After some deliberation the jury agreed that deceased died of heart disease, and found a verdict accordingly.


The death occurred to-day of a lady who until recently was well known in Wellington musical circles as one of the most charming amateur contralto singers ever heard in this city. We refer to Mrs Henry Evans, third daughter of Mr William Hickson, who died shortly after 8 o'clock this morning at here fathers residence, Abel Smith St, after a lingering and painful illness (consumption) at the early age of 29 years, having thus survived her brother Mr Harry Hickson, only a fortnight and her sister, Mrs Lodger, only two month. So sad a triple bereavement has rarely befallen a family in so brief a period and deep sympathy is felt for the relatives. The late Mrs Evans, when Miss Agnes Hickson sustained for several years the chief contralto part in the oratorios given by the old Choral Society, notably in "the Messiah" "Samson" "Naaman" &c. Her expressive interpretation of "He was Despised" "Return, O God" and "I dreamt I was in Heaven" will dwell in the memory of those who heard it, long after the sweet voice of the singer has been hushed in death. Mrs Evans also was a member for many years of St. Peter's choir. Her gentle and amiable character made her a universal favourite, and her early death will be widely lamented.
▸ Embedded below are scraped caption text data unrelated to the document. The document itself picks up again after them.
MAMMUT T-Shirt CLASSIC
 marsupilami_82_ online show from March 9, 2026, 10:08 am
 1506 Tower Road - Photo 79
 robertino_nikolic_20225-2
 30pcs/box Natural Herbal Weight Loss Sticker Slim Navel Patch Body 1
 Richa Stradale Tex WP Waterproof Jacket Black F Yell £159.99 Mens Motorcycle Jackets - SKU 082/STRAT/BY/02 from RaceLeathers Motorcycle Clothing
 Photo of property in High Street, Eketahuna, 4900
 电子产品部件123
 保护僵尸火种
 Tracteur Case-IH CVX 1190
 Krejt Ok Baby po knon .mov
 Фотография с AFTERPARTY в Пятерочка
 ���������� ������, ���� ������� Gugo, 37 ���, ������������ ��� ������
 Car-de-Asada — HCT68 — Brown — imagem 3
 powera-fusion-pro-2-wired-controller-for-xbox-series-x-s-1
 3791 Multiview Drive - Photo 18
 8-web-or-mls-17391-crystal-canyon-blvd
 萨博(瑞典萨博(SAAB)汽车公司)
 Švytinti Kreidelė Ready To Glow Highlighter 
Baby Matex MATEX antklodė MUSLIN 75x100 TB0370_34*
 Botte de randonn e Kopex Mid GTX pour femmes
Joseph Aaensen, the young man who it is said demonstrated his affection for Mary Sheehy, a fellow-servant at Christchurch, by pouring scalding hot tea down her back the other day, again appeared at the Resident Magistrate's Court this morning, on an information charging him with  having inflicted grievous bodily harm upon that person. Chief-Detective Browne stated that since adjournment of the case the warrant had arrived from Christchurch, and a remand to that place was now applied for. His Worship granted the application. Accused wished the court to take Mr Browne's evidence as to his character, but Mr Hardcastle could not see his way to accede to the request, pointing out that such testimony must be taken before the magistrate by whom the case id tried.

A young girl named Alice Carlyle, alias Edwards, was brought up at the Resident Magistrates Court this morning and charged with having obtained six yards of flannel and a woollen mat from one Ernest Arthur Green, at Christchurch, by means of false representations. She admitted the offence. Chief-Detective Browne applied for a remand to Christchurch, from which city she had only recently arrived, and said there were several other charges against her. Mr Hardcastle asked why a remand was asked for when a plea of guilty had been recorded; to which Mr Browne replied that he would allow the matter to stand as it was. In reply to his Worship, Mr Browne said the warrant for her arrest only arrived yesterday, and the police here were not in possession of the particulars of the offence. Accused was sentenced to seven days impressment with hard labour.